This paper designs feature templates based on atomic templates, where the specified features are atomic features. The template is designed as follows. The first number in parentheses indicates its position relative to the current character, and the second number indicates the selected feature column, including features such as words and parts of speech. Based on the features specified in the feature template, a set of feature functions is defined (where y represents the label of the current character, yi-1 represents the next label, i represents the current position, and w represents the current character). Each feature function is assigned a weight. When a feature function is activated, its weight is added to a cumulative value, which is the score for that feature. The higher the score, the higher the score for the corresponding label, resulting in a more accurate prediction.

3.2. TextCNN

In convolutional neural networks (CNNs), local feature detection can be achieved by using multiple filters that vary in terms of the vertical dimensions while maintaining a consistent horizontal dimension [26]. This architectural choice allows each filter to focus on capturing word dependencies within different contextual ranges. Each filter contains a unique convolution kernel, enabling CNNs to independently optimize the parameters of each filter through gradient-based learning mechanisms [27]. Using multiple filter configurations simultaneously helps extract complementary feature representations. This multi-filter paradigm enhances the network’s capacity to recognize subtle patterns at different granularities, ultimately strengthening both its representational richness and its adaptive generalization capabilities.

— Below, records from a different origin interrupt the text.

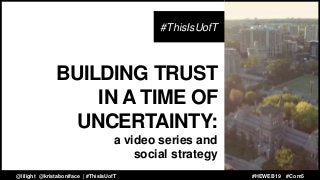BUILDING TRUST
IN A TIME OF
UNCERTAINTY:
a video series and
social strategy
#ThisIsUofT
@lilight @kristaboniface | @UofT #HEWEB19@lilight @kristaboniface | #ThisIsUofT #HEWEB19 #Com5
 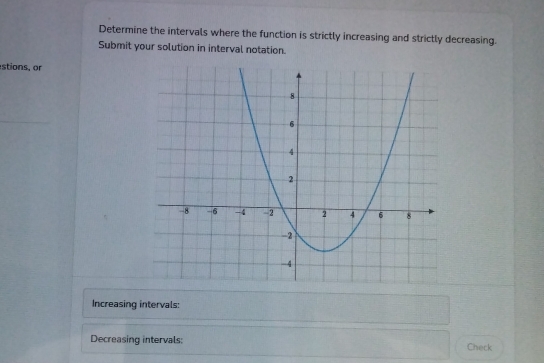 Determine the intervals where the function is strictly increasing and strictly decreasing. 
Submit your solution in interval notation. 
stions, or 
Increasing intervals: 
Decreasing intervals: Check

$$C_i^j=soft\max (W^{(fc)}.z+b^{(fc)})$$

(1)

In the context of a CNN, using S independent convolution kernels on the input data generates S independent feature maps. Each convolution kernel captures unique features from the input data, thereby generating different feature maps. The fusion of these feature maps forms a feature vector, which is mathematically represented as:

$${\mathrm{Z}}^j=[{\stackrel{⌢}{C}}_1^j,{\stackrel{⌢}{C}}_2^j,\dots ,{\stackrel{⌢}{C}}_S^j]\in R^m$$

(2)

3.3. Multi-Branch Prediction Head, MBPH

Our model architecture integrates convolutional neural networks (CNNs) for local feature extraction and a Transformer encoder, enhanced with relative position encoding to capture long-range dependencies and structured span interactions. The key innovations include a Multi-Branch Prediction Head (MBPH) for parallel multi-scale feature fusion and a novel Relative Position Encoding (RPE) scheme.

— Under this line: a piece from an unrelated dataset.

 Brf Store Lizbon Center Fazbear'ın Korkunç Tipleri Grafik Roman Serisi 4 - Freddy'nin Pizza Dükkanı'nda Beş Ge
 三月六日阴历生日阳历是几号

Let $E\in R^{V\times d_e}$ denote the word vector matrix, where V denotes the vocabulary size and d_e denotes the vector dimension. For the input sequence $S=[w_1,w_2,\dots ,w_n]$, we obtain the vector matrix $X\in R^{n\times d_e}$, where each row x_i denotes the vector of word w_i. We process $X$ using a TextCNN layer with multiple filters in order to capture the n-gram features at different scales. Each filter bank contains f filters. The output is a feature map tensor $C\in R^{n\times f\times \left|k\right|}$, where |k| is the number of filter widths used. This tensor captures local contextual features at different n-gram scales around each word position. To integrate the original word vectors and the multi-scale features extracted by the CNN, we reshape X to $X^{\prime }\in R^{n\times 1\times d_e}$ and $C$ to $C^{\prime }\in R^{n\times \left|k\right|\times f}$. Then, we use the Einstein summation einsum to compute the fusion representation $F\in R^{n\times \left|k\right|\times d_h}$ (where d_h is a chosen hidden dimension), thereby effectively performing weighted combination across feature channels:

$$F_{fusion}=einsum{(}^{\prime }nid,njk->nk{d}_h^{\prime },X^{\prime },C^{\prime })$$

(3)

This operation allows interaction between the semantic information in $X$ and the local multi-scale patterns in $C$, thereby enriching the input representation before encoding.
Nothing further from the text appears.